Data below:

== Segment start ==

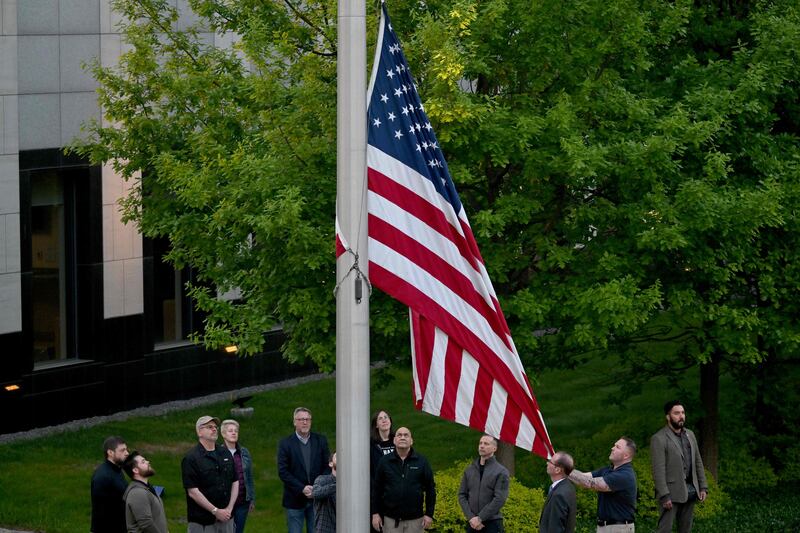 Employees raise the flag outside the US embassy in Kyiv on May 18.  AFP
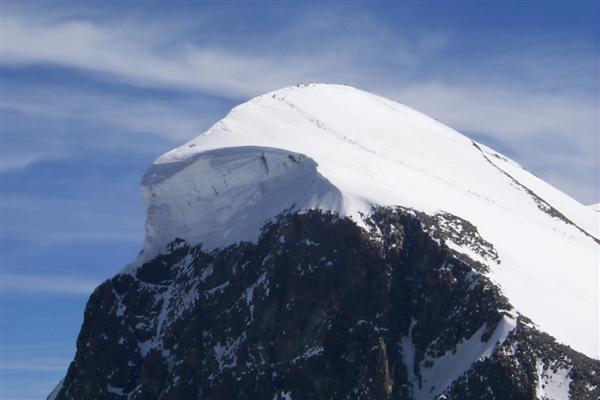 For this trip though you rise from Zermatt at 5,300 ft to the Klein Matterhorn at 12,200 ft in about 20 minutes and you can really feel the lack of oxygen when walking.  Here a close-up of the Breithorn.  The faint line closest to the face of the peak is a line of people that are ascending the mountain.  This should put the size of things into perspective.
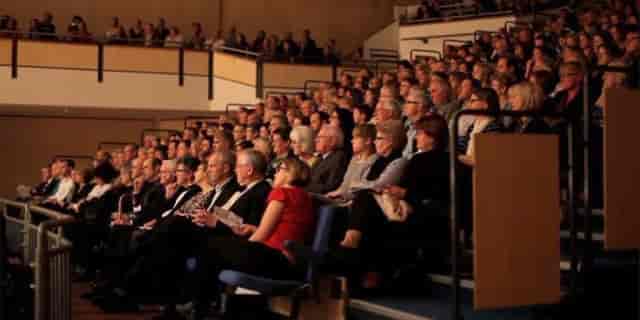 Packed auditorium in Saffron Hall showcases vibrant event with engaged attendees.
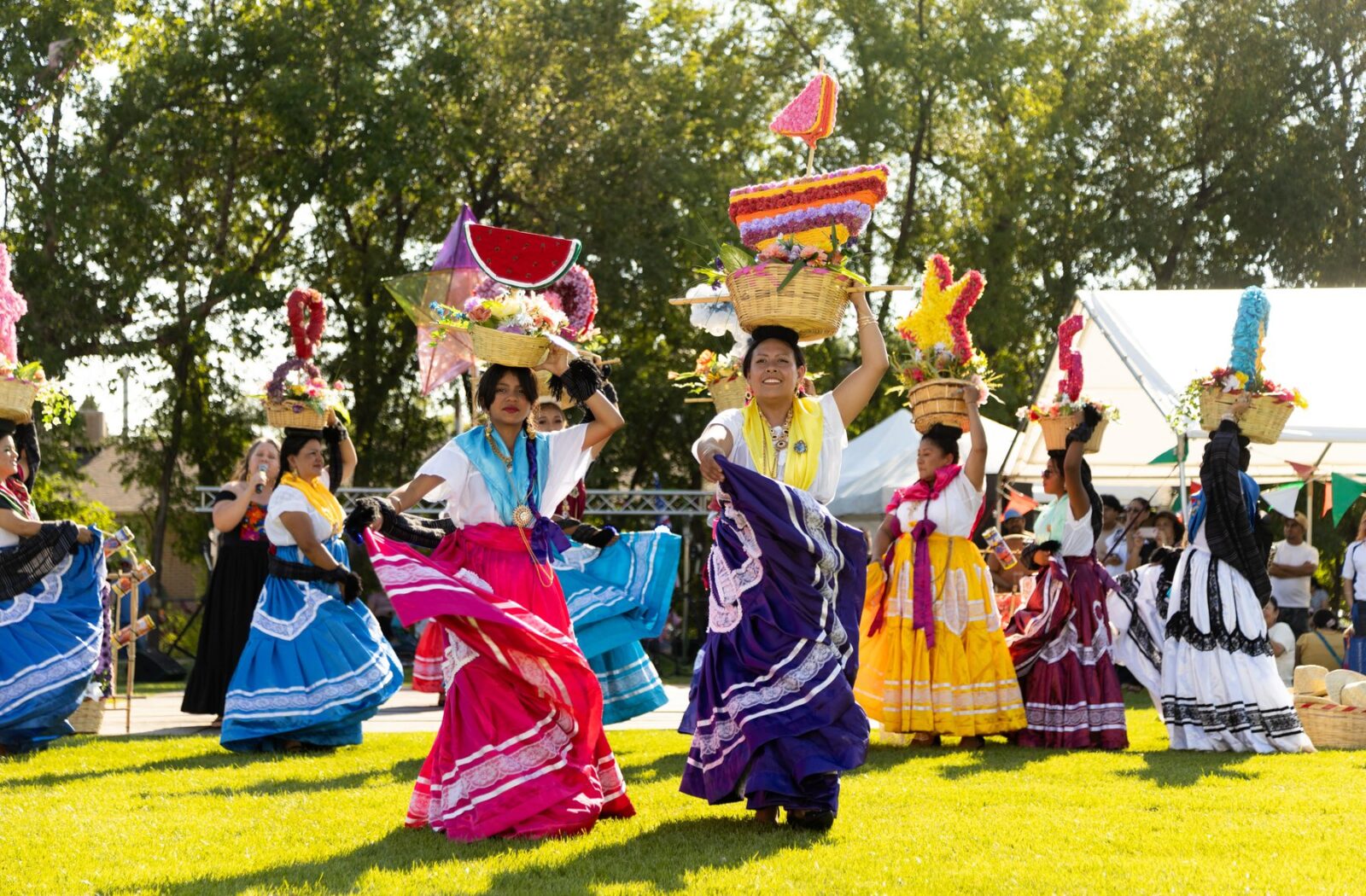 Young Oaxaca en Utah dancers performing in traditional white dresses at La Guelaguetza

== Segment end ==

Any picture found in the data is to be skipped while the rest is copied exactly.

Solution to the exercise:
 Employees raise the flag outside the US embassy in Kyiv on May 18.  AFP
 For this trip though you rise from Zermatt at 5,300 ft to the Klein Matterhorn at 12,200 ft in about 20 minutes and you can really feel the lack of oxygen when walking.  Here a close-up of the Breithorn.  The faint line closest to the face of the peak is a line of people that are ascending the mountain.  This should put the size of things into perspective.
 Packed auditorium in Saffron Hall showcases vibrant event with engaged attendees.
 Young Oaxaca en Utah dancers performing in traditional white dresses at La Guelaguetza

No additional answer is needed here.